Properly wrap a package’s modules with dune

dune is great for brainless, fast compilation. However it’s hard to control with precision what it produces.

Situation

Say we are writing a library pkg with modules A and B, and we want a module PKG as the single entry point of the library.

Files:

$ ls
A.ml   B.ml   dune
A.mli  B.mli  pkg.opam

File dune:

(library
	(public_name  pkg)
	(name         PKG)
	(wrapped      true)    ; this is the default
)

As of dune 1.11.3 (with OCaml 4.08.1), when building this package, dune will first alpha-rename modules A and B to PKG__{A,B}, then compile them, then compile a generated wrapper module PKG, with submodules {A,B} which are aliases to PKG__{A,B}.

This does provide an entry point named PKG with the contents we want, but it also exposes internal modules PKG__{A,B} in the environment (for example, they pollute the suggestions in utop). We cannot remove them because PKG.{A,B} are mere aliases to them (we need their .cmi for compiling, and their .cmti for documentation).

Things become worse when we try to write the wrapper module ourselves (for documentation purposes, or to select what to expose, or to customize module paths, or to have toplevel values). Then, it appears that dune still generates the same wrapper module as before, only this time it calls it PKG__. Only after that the generated module is compiled, our custom PKG.ml file is compiled, and references to either A or B are aliased to PKG__.{A,B} (which are themselves aliases to PKG__{A,B}). So now we have one more internal module polluting the environment.

(I was going to develop further on how it makes the documentation generation fragile as you try more and more to customize your build, with mentions of “underscored” modules sparkling the final user documentation, and/or missing pages for the “non-underscored” modules, but I realize it’s going out-of-topic.)

0th try: private modules

dune has an option (private_modules A B), but its only apparent effect is to hide the pKG__{A,B}.cmi in a directory .private/, effectively making these modules inaccessible, but it also breaks the module aliases.

1st try: module inclusion

So the issue is providing modules which are aliases. Then, what about this:

File PKG.ml:

module A
: module type of A
= struct include A end

module B
: module type of B
= struct include B end

In this case, building the library with dune still produces the underscored modules PKG__ and PKG__{A,B} but, as we used module inclusion instead of module aliases, the sub-modules of PKG are not linked to these underscored modules. We can get rid of them once PKG is built. That is, we can get rid of their .cmi files, and they won’t be accessible anymore to the final user. We still need their .cmt/.cmti files for documentation.
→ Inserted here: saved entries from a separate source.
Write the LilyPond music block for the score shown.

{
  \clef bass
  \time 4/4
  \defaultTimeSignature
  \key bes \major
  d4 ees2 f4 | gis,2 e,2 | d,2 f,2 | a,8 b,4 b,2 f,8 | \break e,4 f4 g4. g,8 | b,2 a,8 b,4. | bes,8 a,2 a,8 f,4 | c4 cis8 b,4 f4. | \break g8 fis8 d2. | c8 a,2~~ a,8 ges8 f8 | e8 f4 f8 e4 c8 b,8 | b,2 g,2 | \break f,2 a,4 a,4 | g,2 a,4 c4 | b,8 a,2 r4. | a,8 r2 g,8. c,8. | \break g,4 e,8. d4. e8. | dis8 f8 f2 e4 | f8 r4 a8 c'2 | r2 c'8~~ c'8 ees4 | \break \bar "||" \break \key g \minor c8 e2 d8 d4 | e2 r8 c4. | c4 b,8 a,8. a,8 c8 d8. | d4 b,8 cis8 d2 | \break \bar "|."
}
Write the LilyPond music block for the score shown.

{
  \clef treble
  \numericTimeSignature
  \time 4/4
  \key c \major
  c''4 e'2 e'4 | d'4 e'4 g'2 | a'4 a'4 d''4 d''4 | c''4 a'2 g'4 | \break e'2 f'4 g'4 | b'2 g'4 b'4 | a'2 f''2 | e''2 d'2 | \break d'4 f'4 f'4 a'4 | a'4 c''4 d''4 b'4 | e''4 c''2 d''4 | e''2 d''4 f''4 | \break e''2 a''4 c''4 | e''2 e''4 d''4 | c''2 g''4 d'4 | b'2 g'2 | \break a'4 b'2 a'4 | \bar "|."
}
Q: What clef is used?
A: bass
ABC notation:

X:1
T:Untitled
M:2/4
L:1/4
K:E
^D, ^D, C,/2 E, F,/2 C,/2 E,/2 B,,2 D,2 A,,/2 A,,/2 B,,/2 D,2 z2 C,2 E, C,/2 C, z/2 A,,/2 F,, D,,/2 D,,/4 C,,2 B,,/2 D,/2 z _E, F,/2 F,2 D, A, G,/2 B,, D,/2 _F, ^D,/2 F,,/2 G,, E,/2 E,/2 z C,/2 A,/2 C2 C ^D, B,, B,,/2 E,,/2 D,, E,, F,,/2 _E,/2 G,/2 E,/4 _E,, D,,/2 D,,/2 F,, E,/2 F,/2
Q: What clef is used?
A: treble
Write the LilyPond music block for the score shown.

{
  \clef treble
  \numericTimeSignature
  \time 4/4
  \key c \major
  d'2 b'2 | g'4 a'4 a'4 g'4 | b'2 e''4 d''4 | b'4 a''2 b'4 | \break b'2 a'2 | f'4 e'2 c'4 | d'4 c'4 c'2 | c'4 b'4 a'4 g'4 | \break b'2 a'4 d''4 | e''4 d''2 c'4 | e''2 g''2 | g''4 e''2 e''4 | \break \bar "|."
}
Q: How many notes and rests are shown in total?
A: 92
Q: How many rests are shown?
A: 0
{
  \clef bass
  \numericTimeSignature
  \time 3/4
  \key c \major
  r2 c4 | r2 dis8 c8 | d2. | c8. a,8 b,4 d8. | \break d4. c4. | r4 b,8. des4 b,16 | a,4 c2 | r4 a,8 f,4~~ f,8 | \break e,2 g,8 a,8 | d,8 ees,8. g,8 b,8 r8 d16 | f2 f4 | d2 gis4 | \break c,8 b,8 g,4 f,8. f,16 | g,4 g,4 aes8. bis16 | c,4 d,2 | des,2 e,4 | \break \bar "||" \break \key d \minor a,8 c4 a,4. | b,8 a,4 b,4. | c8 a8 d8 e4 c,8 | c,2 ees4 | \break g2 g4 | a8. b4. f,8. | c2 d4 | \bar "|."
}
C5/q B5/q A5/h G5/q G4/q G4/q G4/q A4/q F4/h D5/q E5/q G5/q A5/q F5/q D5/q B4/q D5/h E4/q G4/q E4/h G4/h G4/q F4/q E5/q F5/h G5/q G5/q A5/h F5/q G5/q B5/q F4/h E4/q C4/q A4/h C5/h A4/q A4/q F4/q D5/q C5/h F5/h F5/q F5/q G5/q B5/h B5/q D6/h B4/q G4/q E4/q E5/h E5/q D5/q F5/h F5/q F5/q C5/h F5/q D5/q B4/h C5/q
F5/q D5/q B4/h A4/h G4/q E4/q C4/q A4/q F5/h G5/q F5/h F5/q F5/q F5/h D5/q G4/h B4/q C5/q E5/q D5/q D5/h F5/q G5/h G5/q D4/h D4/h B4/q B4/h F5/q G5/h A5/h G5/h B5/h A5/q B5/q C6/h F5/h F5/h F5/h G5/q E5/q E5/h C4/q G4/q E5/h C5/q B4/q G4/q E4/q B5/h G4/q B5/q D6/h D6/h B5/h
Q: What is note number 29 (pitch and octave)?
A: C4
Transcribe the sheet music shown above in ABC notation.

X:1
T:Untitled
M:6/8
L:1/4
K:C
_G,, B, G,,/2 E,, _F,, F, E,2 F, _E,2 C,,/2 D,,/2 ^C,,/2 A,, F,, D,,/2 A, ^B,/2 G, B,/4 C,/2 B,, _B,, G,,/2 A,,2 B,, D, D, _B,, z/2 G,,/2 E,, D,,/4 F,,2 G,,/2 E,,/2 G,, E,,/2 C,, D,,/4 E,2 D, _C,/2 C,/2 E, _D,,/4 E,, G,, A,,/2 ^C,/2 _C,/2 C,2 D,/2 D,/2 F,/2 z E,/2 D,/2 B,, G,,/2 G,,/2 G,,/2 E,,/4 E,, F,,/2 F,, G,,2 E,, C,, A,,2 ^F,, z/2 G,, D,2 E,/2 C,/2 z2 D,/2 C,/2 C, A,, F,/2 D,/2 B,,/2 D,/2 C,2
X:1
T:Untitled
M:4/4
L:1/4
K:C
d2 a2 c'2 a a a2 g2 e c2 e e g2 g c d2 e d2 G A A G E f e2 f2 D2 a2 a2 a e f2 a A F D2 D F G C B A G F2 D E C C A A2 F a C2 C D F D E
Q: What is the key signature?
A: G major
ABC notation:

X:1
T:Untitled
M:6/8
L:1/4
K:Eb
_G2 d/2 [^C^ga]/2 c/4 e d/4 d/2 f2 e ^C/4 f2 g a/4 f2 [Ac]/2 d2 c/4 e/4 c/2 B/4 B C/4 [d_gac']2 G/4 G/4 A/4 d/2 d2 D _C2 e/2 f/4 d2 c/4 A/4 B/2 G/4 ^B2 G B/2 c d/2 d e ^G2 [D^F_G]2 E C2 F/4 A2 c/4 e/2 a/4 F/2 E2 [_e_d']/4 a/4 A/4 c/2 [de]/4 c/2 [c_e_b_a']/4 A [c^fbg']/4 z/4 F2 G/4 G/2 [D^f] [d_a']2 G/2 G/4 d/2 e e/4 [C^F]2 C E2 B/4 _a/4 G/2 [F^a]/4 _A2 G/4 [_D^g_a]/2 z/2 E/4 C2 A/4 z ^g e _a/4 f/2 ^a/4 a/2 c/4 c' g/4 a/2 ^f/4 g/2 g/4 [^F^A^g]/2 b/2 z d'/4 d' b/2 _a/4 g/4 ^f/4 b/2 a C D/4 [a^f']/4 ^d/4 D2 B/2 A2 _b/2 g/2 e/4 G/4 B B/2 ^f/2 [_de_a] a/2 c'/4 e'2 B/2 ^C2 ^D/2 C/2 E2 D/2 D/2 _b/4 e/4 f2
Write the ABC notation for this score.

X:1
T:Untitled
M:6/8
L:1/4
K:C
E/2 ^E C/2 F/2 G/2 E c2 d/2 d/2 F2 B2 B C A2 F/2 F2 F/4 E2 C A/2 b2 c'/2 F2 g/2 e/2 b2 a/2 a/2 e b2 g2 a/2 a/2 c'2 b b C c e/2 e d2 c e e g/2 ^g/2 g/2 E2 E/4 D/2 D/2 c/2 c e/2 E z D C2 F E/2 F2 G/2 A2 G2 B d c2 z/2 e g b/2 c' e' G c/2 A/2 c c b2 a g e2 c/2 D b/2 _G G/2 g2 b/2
That’s closer to what we want, but I found a number of pitfalls.

  1. I suspect that, if B depends on A, then A would be duplicated in the archive (both the original module PKG__A and its copy PKG.A would be packed in the archive; PKG.B would use PKG__A internally).
  2. If module B has a type u = A.t, then the type equality between PKG.A.t and PKG.B.u is lost.
  3. odoc produces cyclic links (e.g. if A has a functor Make, the documentation for A.PKG.Make is missing, instead it brings back to PKG.A).

2th try: source-level preprocessing

In fact, the only way I found to get exactly what I expect is by using a preprocessor to include modules at the source level:

File PKG.ml.cpp:

module A
#if __has_include("PKG/A.mli")
  : sig
    #include "PKG/A.mli"
  end
#endif
  = struct
    #include "PKG/A.ml"
  end

module B
#if __has_include("PKG/B.mli")
  : sig
    #include "PKG/B.mli"
  end
#endif
  = struct
    #include "PKG/B.ml"
  end

File dune:

(library
	(public_name  pkg)
	(name         PKG)
	(modules      PKG)
)

(rule
	(target  PKG.ml)
	(deps    (:dep PKG.ml.cpp) (glob_files PKG/*.ml{,i}))
	(action  (run cpp %{dep} -o %{target}))
	; source files are moved to a directory PKG/, because otherwise
	; the glob would also match PKG.ml, creating a cyclic dependency
)

This is easier to understand, and produces the right thing with respect to both exposed modules and documentation (you’ll still have to customize a bit the pkg.install, because you’ll likely want to provide the true source files PKG.ml.cpp and PKG/* instead of the generated PKG.ml). But, of course, we lose separate parallel compilation…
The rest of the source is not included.